Des Citroën made in Iran dès 2018

Les chevrons après le lion en Iran: PSA a annoncé jeudi avoir signé un accord pour réintroduire sa marque Citroën dans le pays, un mois après la confirmation du retour de Peugeot dans la foulée de la levée des sanctions internationales.

Une co-entreprise détenue à égalité entre PSA et la société Saipa "investira plus de 300 millions d'euros en capacités industrielles et en recherche et développement au cours des cinq prochaines années", a précisé le groupe automobile français dans un communiqué.

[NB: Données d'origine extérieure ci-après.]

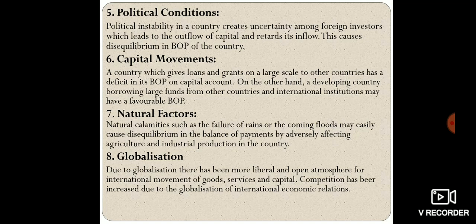Capital movements — inflows and outflows — also affect the balance of payment. If there is more FDI from the home country to a foreign country, capital outflow causes a deficit balance of payment. Conversely, if foreign investors make FDI in the home country, the capital inflow causes a surplus balance of payment. Natural calamities such as floods or failure of rains can easily cause disequilibrium by directly affecting agricultural production and GDP, reducing exports.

L'accord, signé à Téhéran, "pose les bases d'un partenariat stratégique entre les deux entreprises. Il couvrira l'ensemble de la chaîne de valeur, de la conception à la commercialisation des véhicules", a souligné PSA.

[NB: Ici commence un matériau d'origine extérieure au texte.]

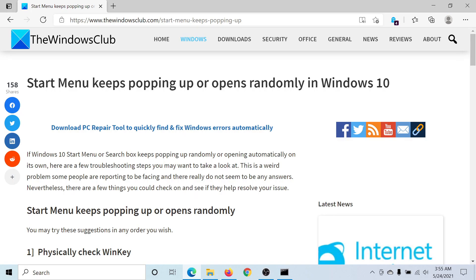Welcome to the Windows Club. If the Start Menu keeps popping up again and again in Windows 10 without you pressing any key,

Ces véhicules "seront produits sur le site de Kashan, dont le Groupe PSA deviendra propriétaire à hauteur de 50%", selon la même source. Kashan est située à 200 km au sud de Téhéran.

"L'accord s'accompagne d'un transfert de technologies et d'un haut niveau de contenu local. Il entrera en vigueur après la signature de l'accord définitif, envisagée fin 2016", selon PSA qui estime que "les premiers véhicules Citroën sortiront des lignes de production de l'usine de Kashan en 2018".

L'accord cadre paraphé jeudi "est la troisième brique de notre stratégie pour l'Iran" après le retour de Peugeot et l'introduction de la marque de luxe DS avec un partenaire commercial local, s'est félicité le directeur de PSA pour la zone Afrique-Moyen-Orient, Jean-Christophe Quémard.

"Nous avons prévu de lancer trois véhicules" dans le cadre de cet accord, et ces derniers ont vocation à être également exportés dans la région Moyen-Orient et Afrique, a-t-il précisé lors d'une conférence téléphonique depuis Téhéran. PSA envisage pour l'usine de Kashan un rythme de production annuel de 150.000 unités à l'horizon 2021, selon lui.

Les relations entre Citroën et Saipa existent de longue date, et la marque aux chevrons a produit et commercialisé des véhicules à partir de 1966 en Iran. A l'époque, il s'agissait de 2CV et de dérivés.

 

Fort potentiel

Le 21 juin, PSA avait signé l'accord final de co-entreprise avec son autre partenaire historique, Iran Khodro, pour produire des Peugeot, scellant un retour industriel très attendu après la levée de sanctions internationales imposées en raison du programme nucléaire controversé de la République islamique.

La co-entreprise PSA-Iran Khodro pourra investir 400 millions d'euros sur cinq ans et débouchera sur une production de Peugeot 208, 2008 et 301 dès le second semestre 2017, avec un objectif à terme de 200.000 unités annuelles.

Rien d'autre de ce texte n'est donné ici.